Heart Over Angkor Wat Sunset

And just like that a new friend has come and gone. At the parting, my new friend scurries off with her backpack strapped to her back, ready for the next hostel, the next hike, sightseeing tour, the next group of backpackers waiting at the next hostel.

I’ll probably never lay eyes on her again and within a couple of months we probably won’t even talk on Facebook either. It sounds so pessimistic but it’s the truth.

Facebook has transformed communication; I have friends all over the world – people with whom I have just clicked. We meet, travel together sometimes for weeks at a time, and then our paths diverge and we often head to opposite sides of the planet.

And some of these friends stick. It clicked on both sides and I count them among my actual and true friends…more than just a potential couch when I pass through, we care.

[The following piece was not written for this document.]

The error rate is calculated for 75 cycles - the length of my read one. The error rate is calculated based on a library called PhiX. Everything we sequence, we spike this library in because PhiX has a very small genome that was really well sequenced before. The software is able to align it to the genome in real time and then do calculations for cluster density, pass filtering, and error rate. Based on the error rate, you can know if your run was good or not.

But then there’s the others. We bond over sometimes intense events – the worst rainstorm the Australian Outback had seen in years floods the roads, we’re wet, dirty and tired but it’s all a part of the grand adventure and we take it in stride and we take it together.

Shoe Photo!

Louise and I met up in Cuba after Volunteering in Nepal Together!

Popping the Question

I’ve met those handful of chagrined backpackers; they’ve been on the road for years and they’re not handing out their Facebook profiles to just anyone. The first month of my round the world trip I was in Australia, there I am a fresh faced and newbie solo traveler meeting up with a fun trio of friends who had been on the road for 18 months. After a couple days of sightseeing and drinks on the town I was ready to commit to BFFs for life – let’s trade details and see where this goes.

And the trio said no.

I mean, they actually said ‘no!’

“No, it’s nothing personal but we just don’t really ‘friend’ people very often, you know what we mean, right.”

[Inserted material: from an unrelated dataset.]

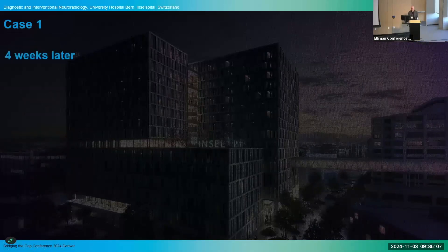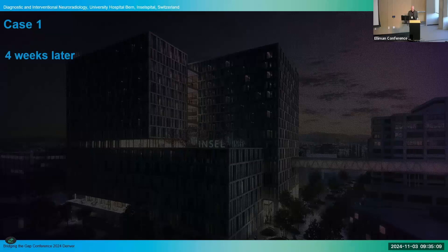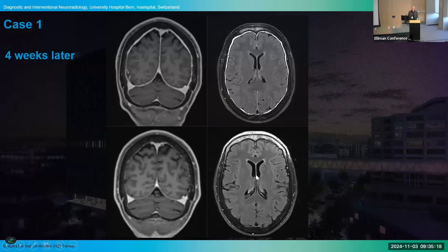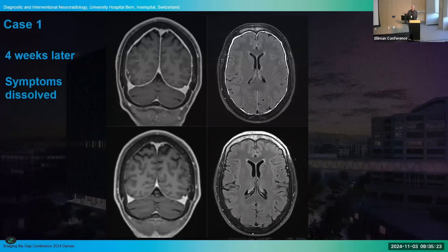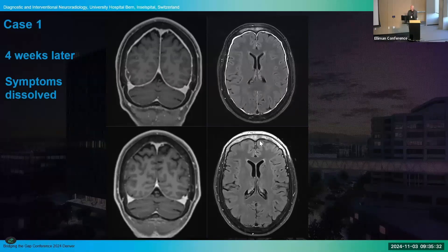We bring all patients back for clinical visits and MRI four weeks later. You can see the MRI brain normalized and symptoms resolved. This is the only imaging-proven sign we have that the fistula may be occluded. It's a problematic point for CSF venous fistula because we cannot directly prove that the epidural fluid is gone — we have to rely on clinical findings and brain MRI imaging signs.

I was horrified! Absolutely horrified. Is there something wrong with me?! Why don’t they want to be my friend? Am I that person, the pity person you hang with but don’t actually like…the thoughts raced through my head but I shrugged it off with a tight-lipped smile and a flippant, “Oh yeah, I get ya, hah, yeah, good plan.”

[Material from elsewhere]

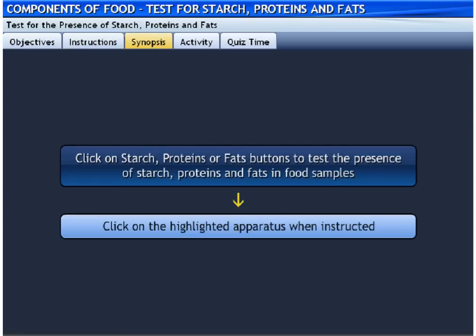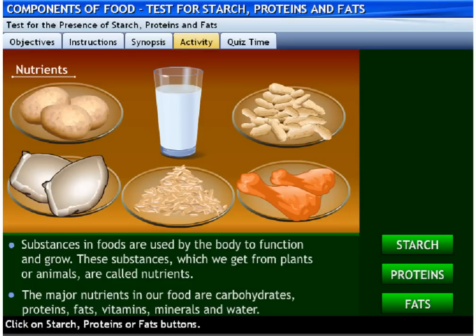Please go through the synopsis of the activity. Click on the starch, proteins, or fats buttons to test the presence of starch, proteins, and fats in food samples.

And it wasn’t until later, months down the line when I got it.

These backpacking friendships are unique. I haven’t gone through six years of school with these friends, they don’t know my life story – they’re my backpacking friends – great for a day of hiking to that nearby mountain but it doesn’t have to be more than that. I don’t have to friend every single person I eat lunch with on the road.

But Facebook allows a traveler the unique opportunity to hang on, linger in a friendship that maybe could have happily remained ephemeral and instead the friendship will go through mournful bleeps that fade slowly, like the beeping of a dying heart monitor affixed to our Facebook friendship.

First we comment on each other’s status madly, hoping that our paths again will cross while we’re both in the region.

Then it peters down to the occasional “like.”

Pretty soon the friendship has come and gone; we hide each other’s updates from our news feed and start the process with the next batch of friends.

Train Outside of Melbourne

Row Couchsurfed with me in LA and I surfed with him months later in Melbourne!

To Friend or Not to Friend?

I love meeting people. And unlike that Australian backpacking trio, I would never say no because I truly love the connections. Although I may not actively communicate with all of these new friends in three months time, who knows, perhaps our paths will cross again.

Just last week, out of the blue a backpacking friend I met on a day tour in Slovenia Facebook-messaged me about my volunteering experience in Nepal. We don’t actively Facebook each other anymore, but she’s there. And she’s sweet and I know that if I ever do make it to Bath she’s the first I’ll message. And how could either of us have known that more than a year later she would be heading to Nepal to volunteer?!

I have met incredible people on the road and am so happy for the ease that Facebook gives to maintaining communication with them. But the past two years on the road has also taught me that although I’ll friend just about anyone I’ve met (and don’t plan to stop) realistically some of these people have a place in my memory and I will likely never again cross their paths. We have that tour, that monument, that hilarious market experience in our joint memories and that’s where some are likely to stay.

Then there are the other friends that just stick. You meet again in different spots in the world and thank god you swapped details. Either way, I’ll still friend just about anyone I meet and enjoy their company because you just never know where life is heading. :-)

How do you handle friendships on the road?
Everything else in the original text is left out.